Unlike many countries, Sri Lanka did not impose a universal-service levy on customers of telecom services, directly or indirectly. One reason was the clause in the SLT privatization agreements that no universal-service levies would be imposed on the company. When you exempt the biggest player, you can’t then go and impose levies on the competitors.
So that was an intended good result of the privatization.
However, when the international telecom market was liberalized in 2003, the government imposed certain fees on incoming and outgoing calls that were to be kept in a fund and given to the companies which generated the calls when they provided documentation that approved rural infrastructure investments had been completed. In the first few years, money kept going into the fund and nothing came out. Then large amounts were disbursed. But at no stage were disbursements adequate.
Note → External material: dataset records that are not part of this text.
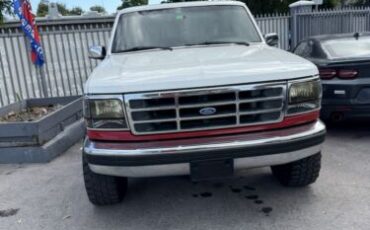 Ford F-150  1993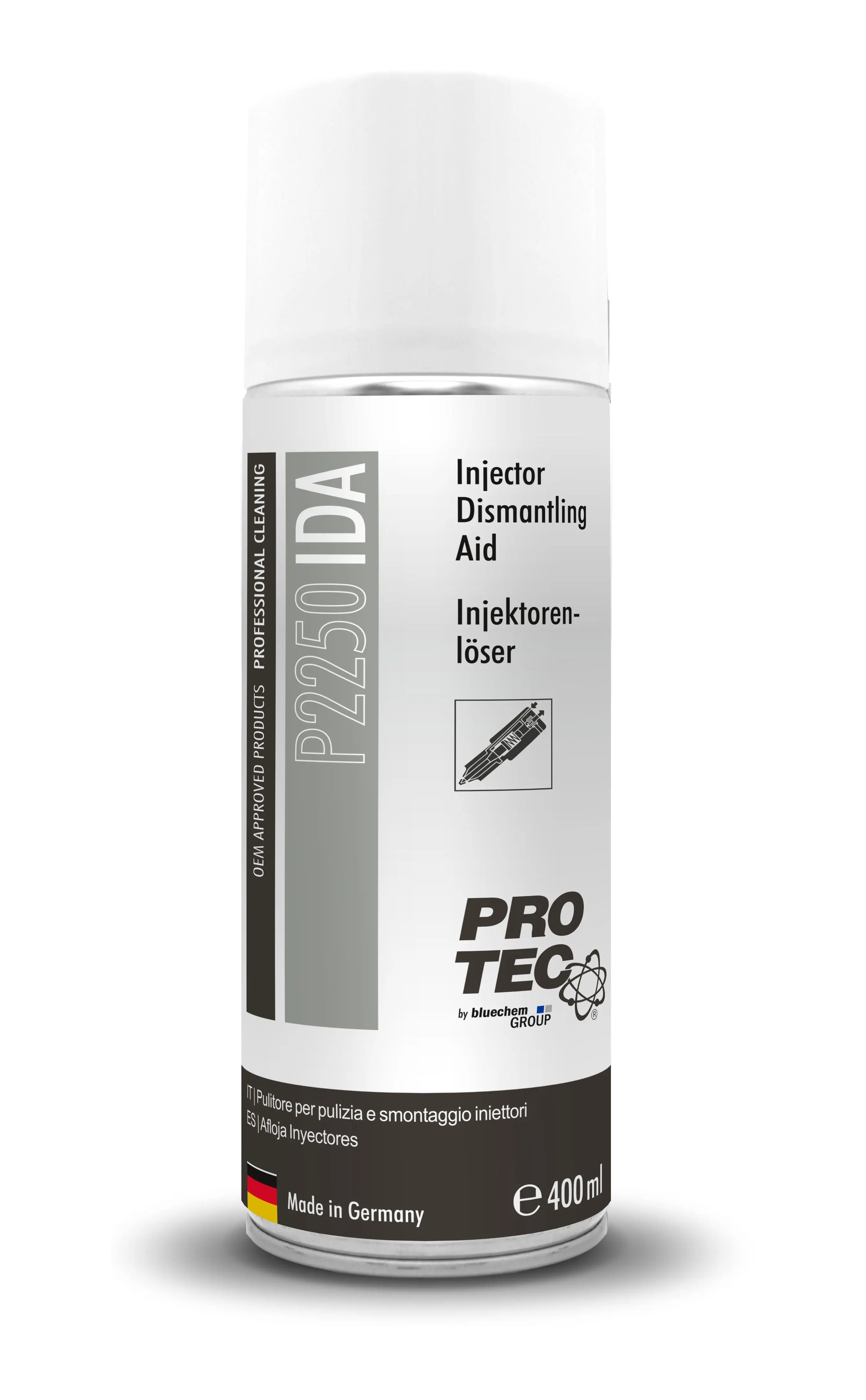 PROTEC P2250 Injector Dismantling Aid 400 ml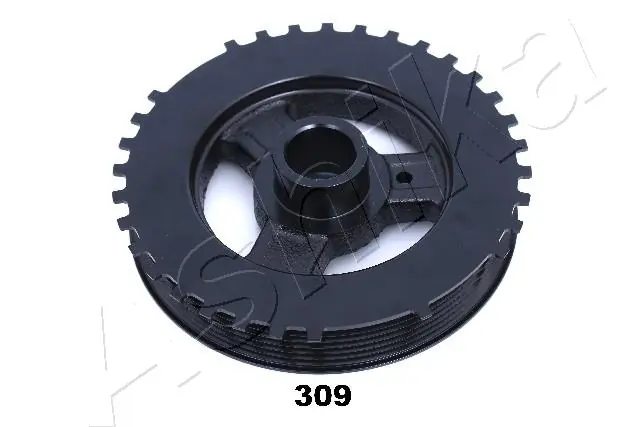 Belt Pulley, crankshaft 122-03-309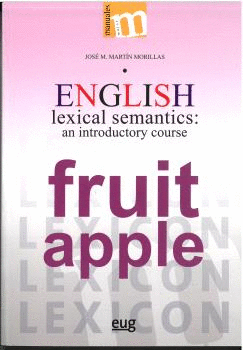 ENGLISH LEXICAL SEMANTICS AN INTRODUCTORY COURSE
In February, I submitted an RTI request asking for collections, disbursements and remainders. The early good performance had faded and by 2015 nothing was coming out of the fund. USD 351 million remained unspent. It’s possible, but unlikely that significant disbursements occurred since then.
Today, at the Sri Lanka Broadband Summit, I presented the data. I suggested that it was silly in this day and age to collect taxes from international calls (a presentation by Nielsen at the Summit showed massive use of Whatsapp and Viber to bypass the tax on international calls). I said they should just focus on spending the money quickly and shutting down the fund. Universal service objectives are best served by creating regulatory certainty and a predictable tax regime so that the private suppliers can do their job.